Result
of CCPA?
Google
faces $5 billion lawsuit in U.S. for tracking ‘private’ internet
use
Reuters:
“Google was sued on Tuesday in a proposed class action accusing
the internet search company of illegally invading the privacy of
millions of users by pervasively tracking their internet use through
browsers set in “private” mode. The lawsuit seeks at least $5
billion, accusing the Alphabet Inc unit of surreptitiously collecting
information about what people view online and where they browse,
despite their using what Google calls Incognito mode. According to
the complaint filed in the federal court in San Jose, California,
Google gathers data through Google Analytics, Google Ad Manager and
other applications and website plug-ins, including smartphone apps,
regardless of whether users click on Google-supported ads. This
helps Google learn about users’ friends, hobbies, favorite foods,
shopping habits, and even the “most intimate and potentially
embarrassing things” they search for online, the complaint said.

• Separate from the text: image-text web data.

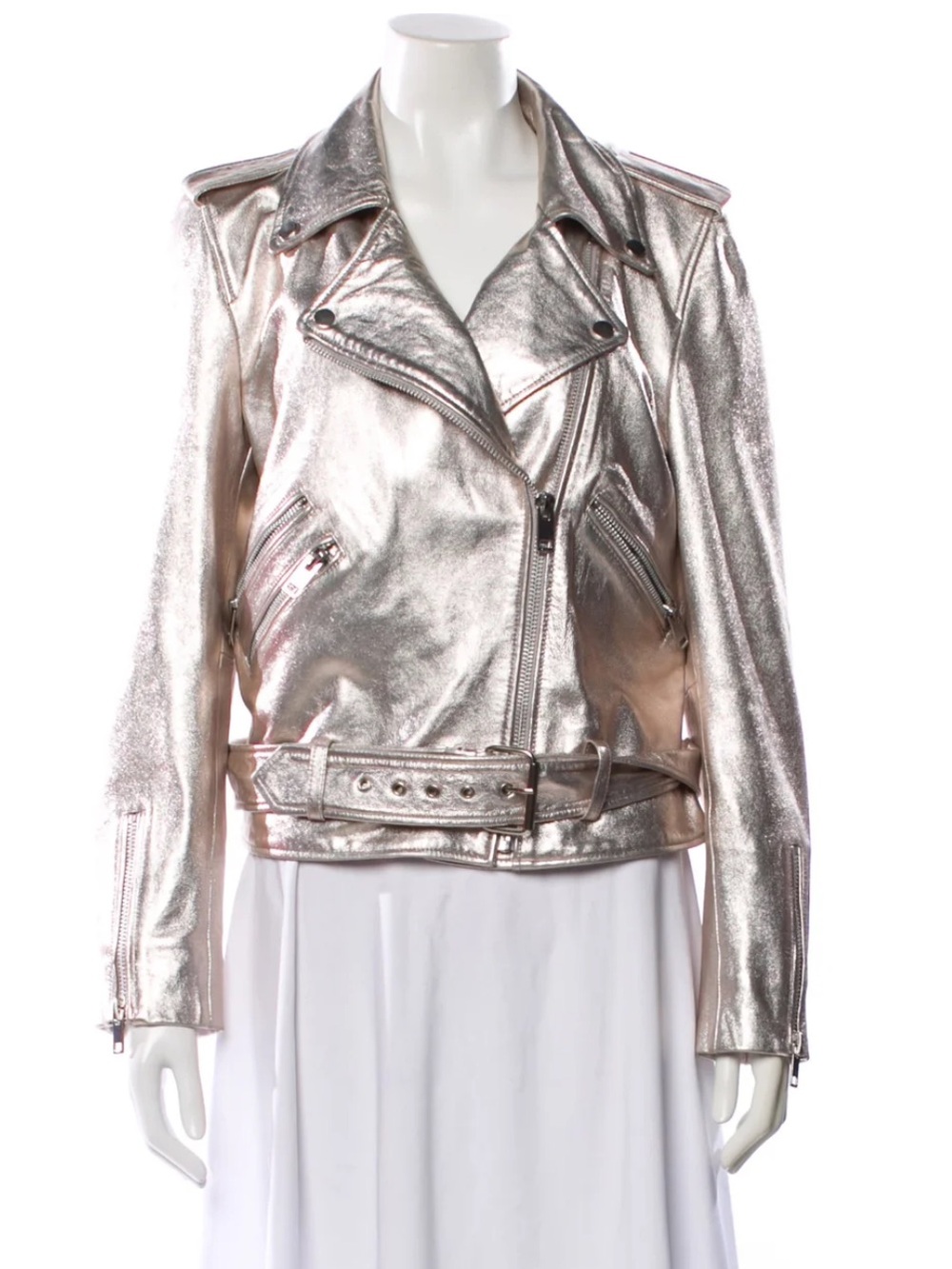 Walter Baker Silver Metallic leather Moto Jacket - Women's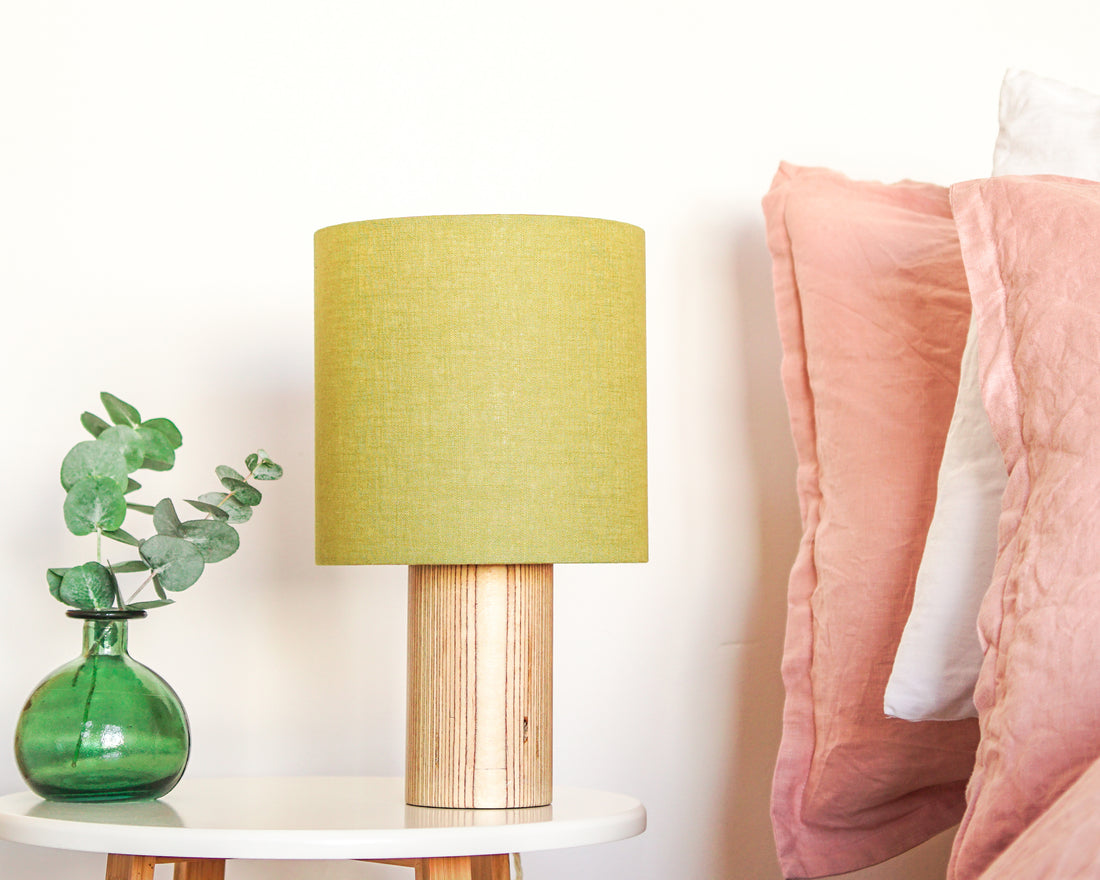 Olive Linen Drum Lampshade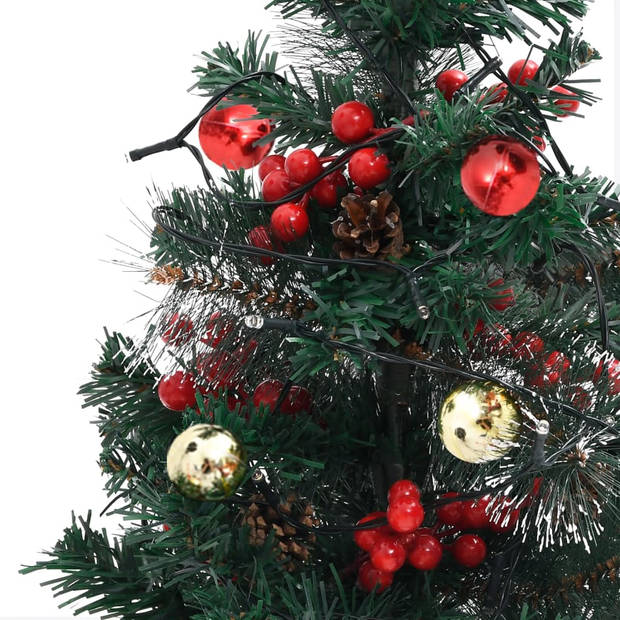 The Living Store Kerstboom LED Groen PVC - 76 cm - Met 89 uiteinden - Gedecoreerd - DC 4.5V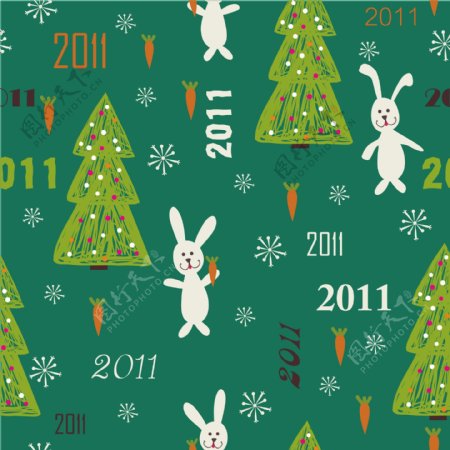 圣诞节的无缝纹理的兔子拿胡萝卜和圣诞树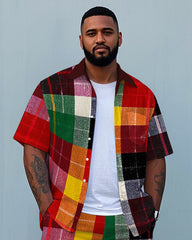 Big Men's Casual Splicing Colorful Plaid Style Short Sleeve Shirt and Shorts Set
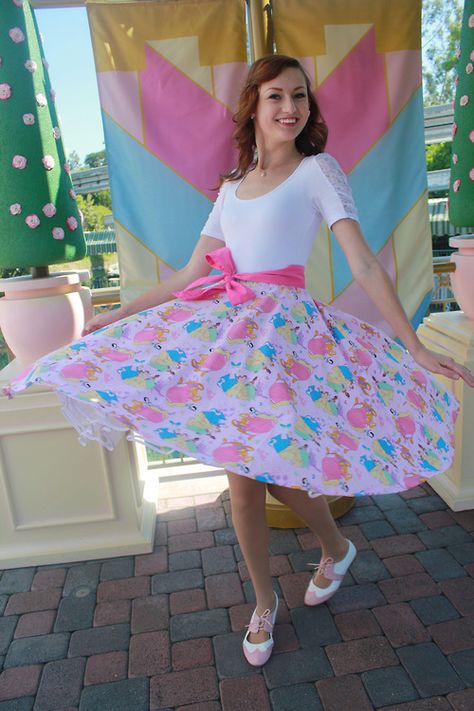 Disney Princess Circle Skirt Candyland Outfit Women, Candyland Outfit, Cricut Clothing, Disney Skirt, Grunge Looks, Circle Skirts, Candy Cart, Princess Skirt, Twirl Skirt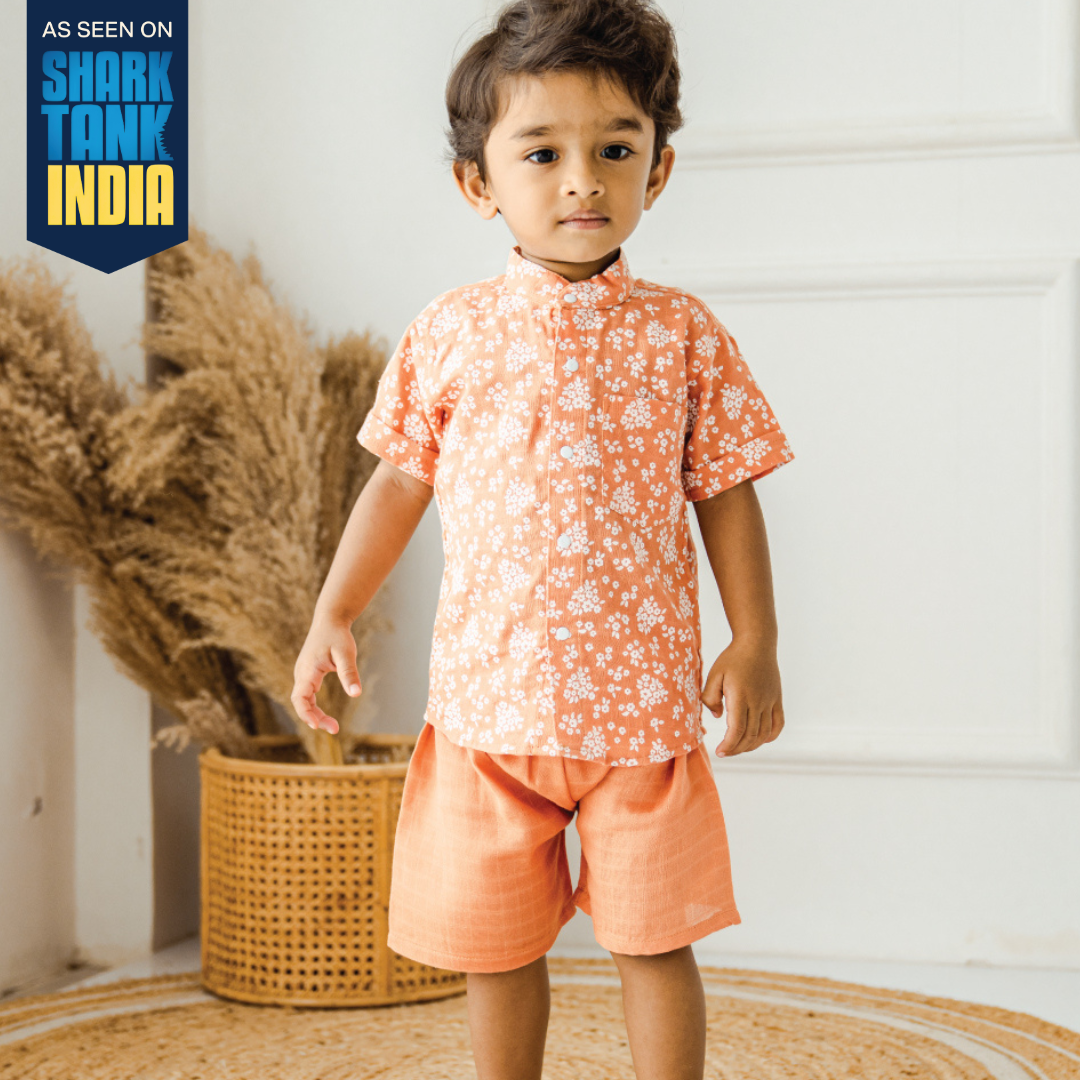 Collared Co-ord sets for kids - Coral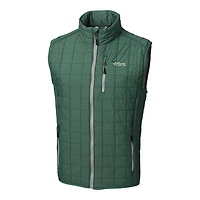Men's Cutter & Buck Heather Green New York Jets Throwback Logo Rainier PrimaLoft Eco Insulated Full-Zip Puffer Vest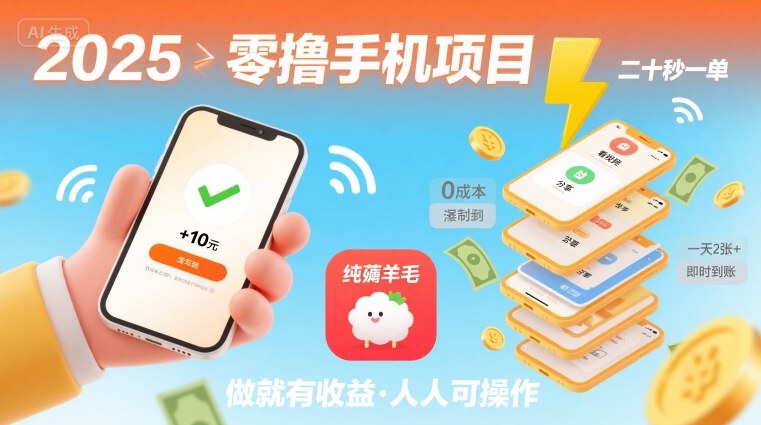 2025年零撸手机项目，二十秒一单，纯薅羊毛 一天2张+做就有【揭秘】-水滴知识网
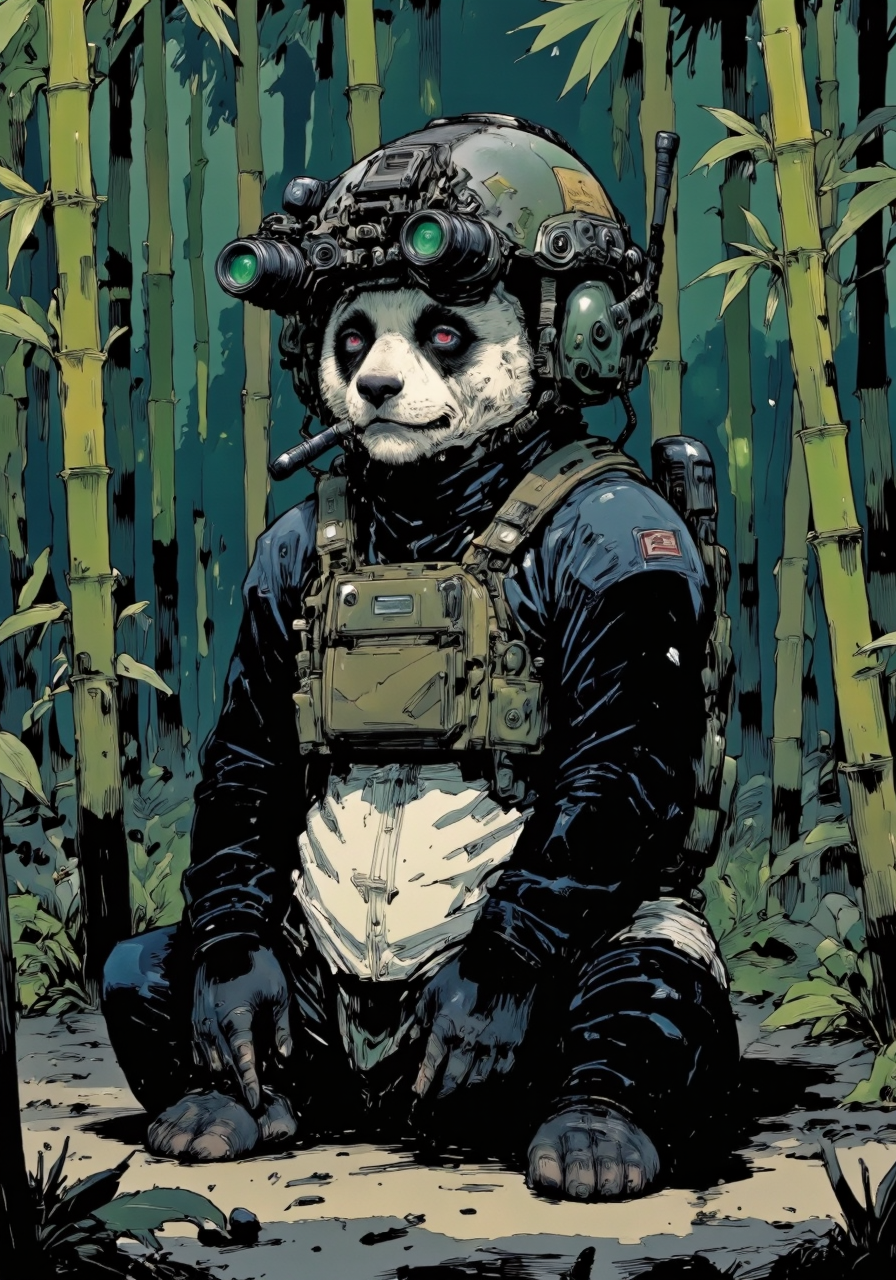 n0ds featuring a protective headpiece equipped with a dual-tube optical device. , A panda bear sitting peacefully in a bamboo forest, wearing a panda-sized modern military helmet. The helmet is matte black with green accents, fitting snugly over the panda's round head. The helmet features two night vision gogglesâshort black tubes with glowing green lensesâthat are flipped down over the panda's gentle eyes, giving it an oddly futuristic look. The green glow from the goggles contrasts with the panda's black and white fur, adding an unexpected twist to the serene scene. The helmet also includes a small communication device, with wires running discreetly along the sides of the helmet. The panda chews on a bamboo shoot, its relaxed posture unchanged, the green glow from the goggles blending the tranquil natural setting with a touch of high-tech intrigue., at night,, Colored JJK Manga Style, (Mangaka style:0.5)<lora:n0ds_epoch_23.safetensors:1.0:1.0> <lora:Jujutsu_Kasien_Colored_Manga-000001.safetensors:1:1> <lora:Mangaka V2.safetensors:0.5:0.5>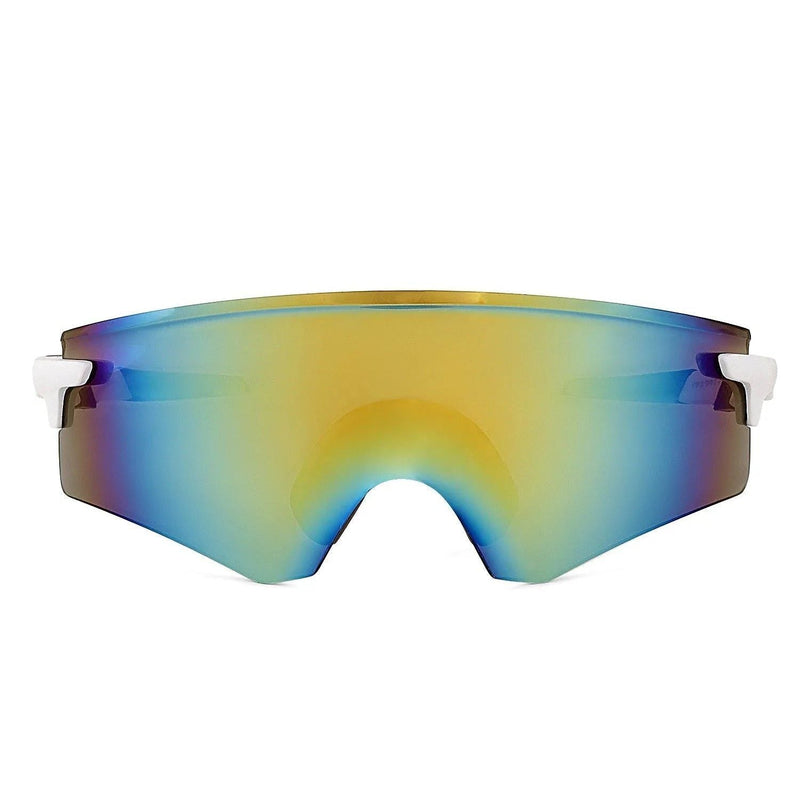 Drakion | White Medium Rim Less Shield Sports Sunglasses for Men & Women [UV-protected]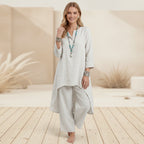 Zweiteiler für Damen mit weiter Hose aus Leinen im Boho-Stil Weiß 1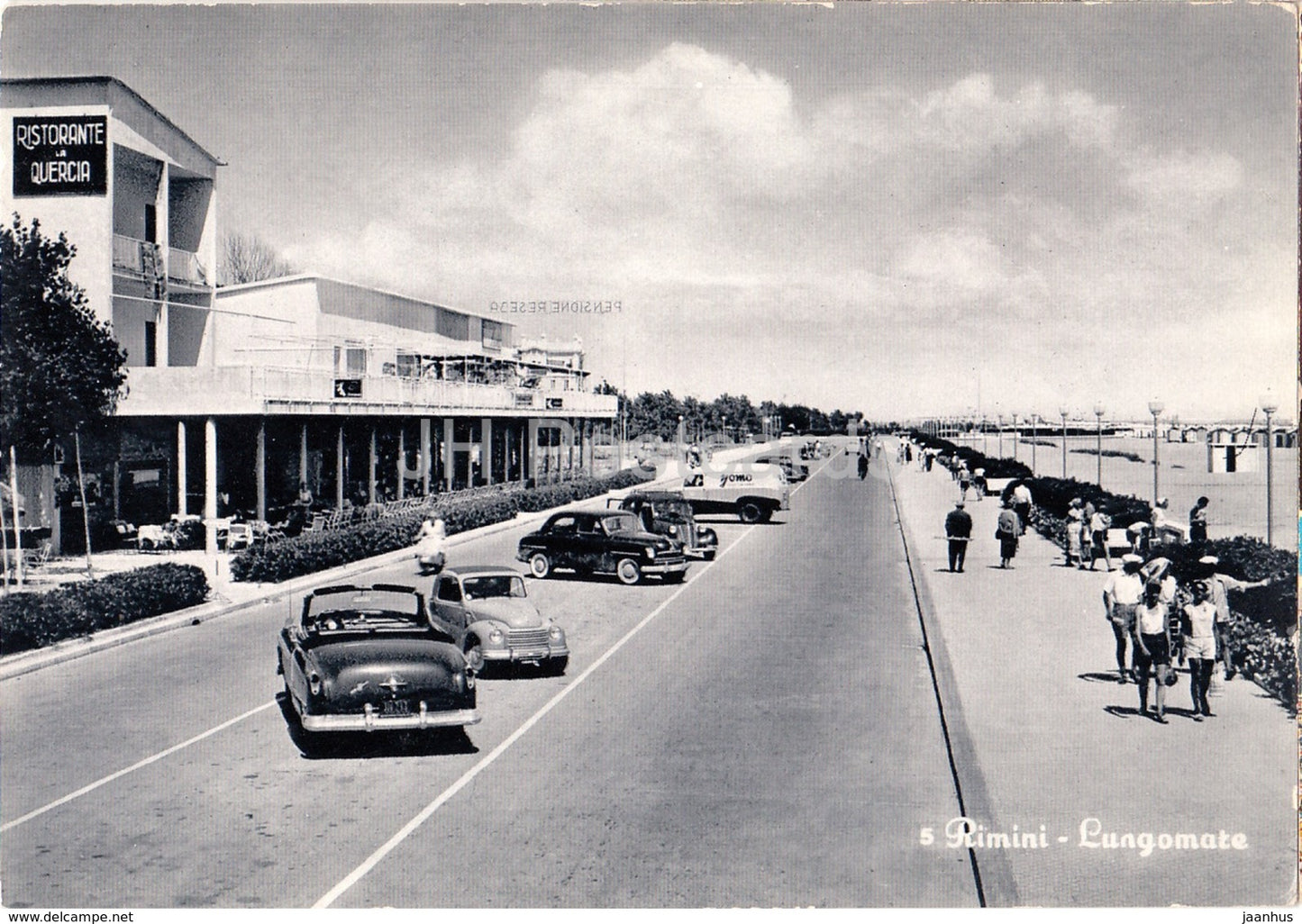 Rimini - Lungomare - Ristorante La Quercia - restaurant - old car - 5 - Italy - unused - JH Postcards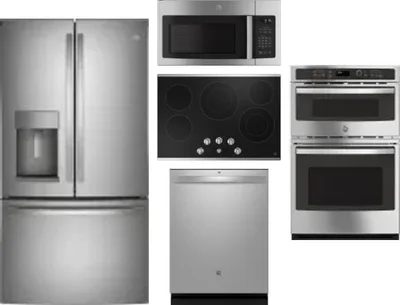 5 Piece Package Includes Refrigerator, Cooktop, Wall Oven, Microwave And Dishwasher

Google “cannot continue to engage in the covert and unauthorized
data collection from virtually every American with a computer or
phone,” the complaint said…”
- Brown et al v Google LLC et al, U.S. District Court, Northern District of California, No. 20-03664.
Not
exactly a coordinated strategy.
YouTube
Censorship Case Turns on Internet Law Trump Scorns
In
a censorship case filed against YouTube by LGBTQ content creators,
the U.S.
Justice Department is
defending the law that protects internet companies from lawsuits –
the same statute President Donald Trump has threatened to revoke.
Trump
targeted the 1996 law in an executive
order last
week as he escalated a fight with Twitter after it tagged two of his
tweets as potentially misleading. But three weeks earlier, the
Justice Department weighed into the YouTube case and urged a federal
judge not to declare the law unconstitutional after the content
creators said it allows the Google
video-sharing
site to violate their free-speech rights.
(Related)
I’m surprised it took so long!
Lawsuit
Says Trump’s Social Media Crackdown Violates Free Speech
… The
nonprofit Center for Democracy and Technology says in the suit that
Mr. Trump’s attempt to unwind a federal law that grants social
media companies discretion over the content they allow on their
platforms was retaliatory and would have a chilling effect on the
companies.
The
lawsuit — filed in U.S. District Court for the District of Columbia
— is indicative of the pushback that the president is likely to
face as he escalates his fight with social media companies, which he
has accused of bias against conservative voices. It asks the court to
invalidate the executive order.
Why
DEA? Drugs? No. Authorization to investigate non-drug crimes.
DEA
Has Permission To Investigate People Protesting George Floyd’s
Death
“The
Drug Enforcement Administration has been granted sweeping new
authority to “conduct covert surveillance” and collect
intelligence on people participating in protests over the police
killing of George Floyd, according to a two-page
memorandum
obtained
by BuzzFeed
News.
Floyd’s death “has spawned widespread protests across the
nation, which, in some instances, have included violence and
looting,” the DEA memo says. “Police agencies in certain areas
of the country have struggled to maintain and/or restore order.”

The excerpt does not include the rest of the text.